Three scenarios come to mind here:

(1) You have recorded to PT, but want the feel of a physical mixer for the mixdown rather than using a mouse on the screen. If this is the case, what you need is a control surface, which mimics a mixer but actually controls the mixing inside ProTools. Several manufacturers (including DigiDesign) make units that can work as control surfaces.

(2) Having done your multi-track recording with ProTools, you want to mix outside the box, and capture the two-track mix back to PT or to a separate 2-track recorder. There are two basic ways of doing this: (a) analog - replay your tracks via the analog outputs of your DigiDesign hardware and use a line-level analog mixer. Re-digitize the two-track mix. (b) digital - use ADAT lightpipe outputs to a digital mixer and send the mix back to PT via another lightpipe or S/PDIF. If you have M-Powered PT as opposed to PTLE, you could use an M-Audio Profire Lightbridge to replay up to 18 or 24 tracks at once.

(3) You want a latency-free monitor mix while recording to PT. You could do this either with a microphone splitter going to the PT hardware and to a conventional mixer, or use a mixer as the microphone pre-amps and take the channel direct outs into the PT hardware. If you used a digital mixer, this output could be ADAT lightpipe. More than 8 channels would need an interface such as the Lightbridge mentioned above.

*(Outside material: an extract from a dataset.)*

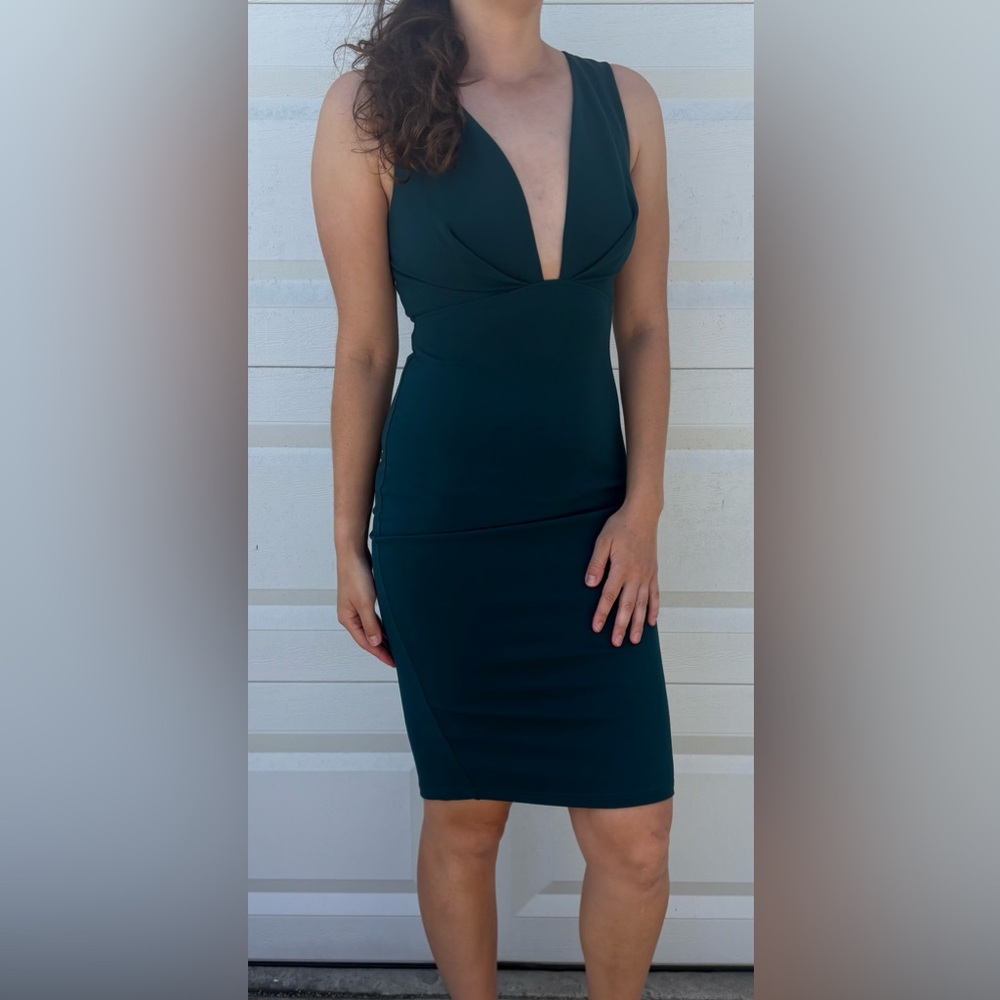 Emerald green dress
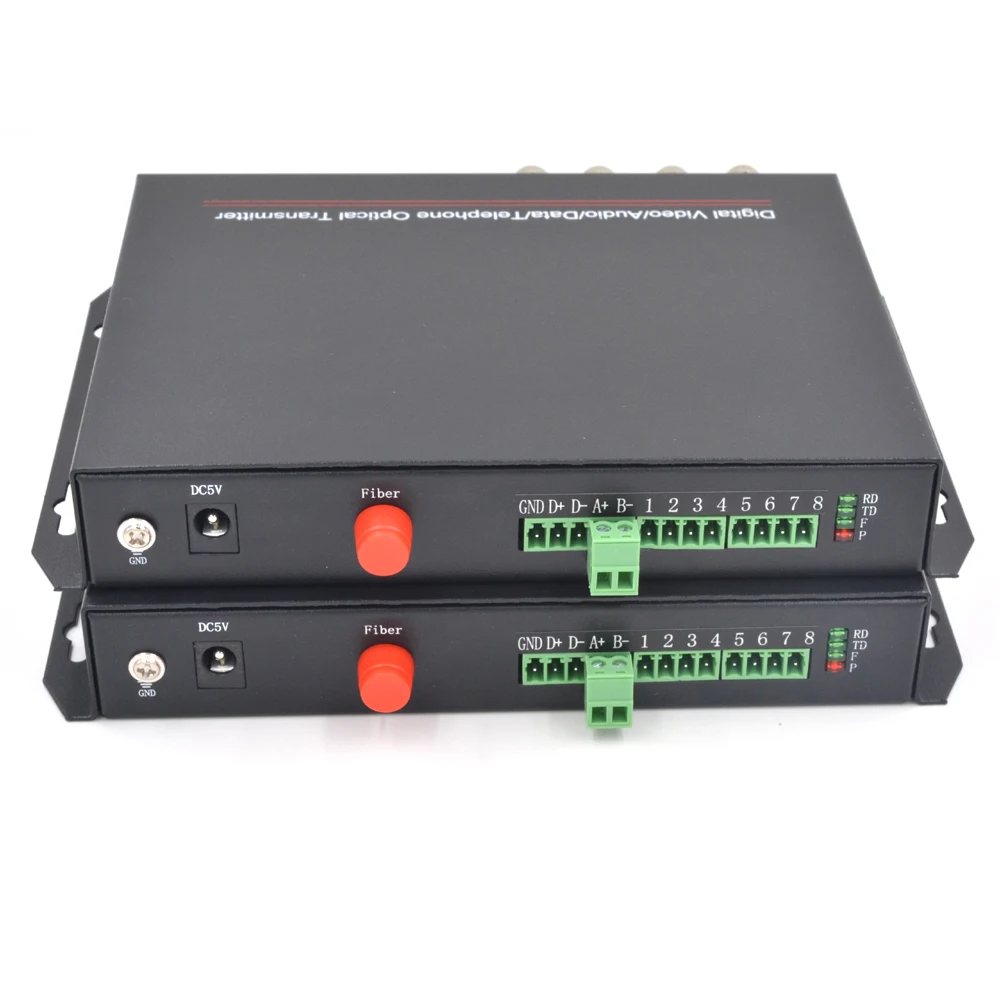 us $205 0 multifunction 4 channel video audio data optical media converter transmitter receiver s m 20km for cctv security system in fiber optic 3g hd sdi over single fiber optic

One configuration that would work for all the three situations listed is a Yamaha 01V96 and M-Audio Lightbridge. The 01V96 can act as a PT control surface, and it can send and receive up to 24 channels via ADAT lightpipe. The Lightbridge has 4 lightpipe ports (up to 32 channels) and is supported by M-Powered PT, at least up to 18 input channels.

Can you clarify what exactly you want the mixer for?

hueseph Thu, 06/11/2009 - 23:14

Maybe I assumed wrong. If I did, I apologize. Do to what seemed to me to be such an elementary question, I assumed the OP is new to ProTools and probably recording in general.

He's asking for a mixer that will allow for each instrument to be assigned to it's own dedicated track. Well any mixer will do that so long as the interface supports it. If I was jumping the gun, again, I apologize. It would be nice if the OP would elaborate on his question.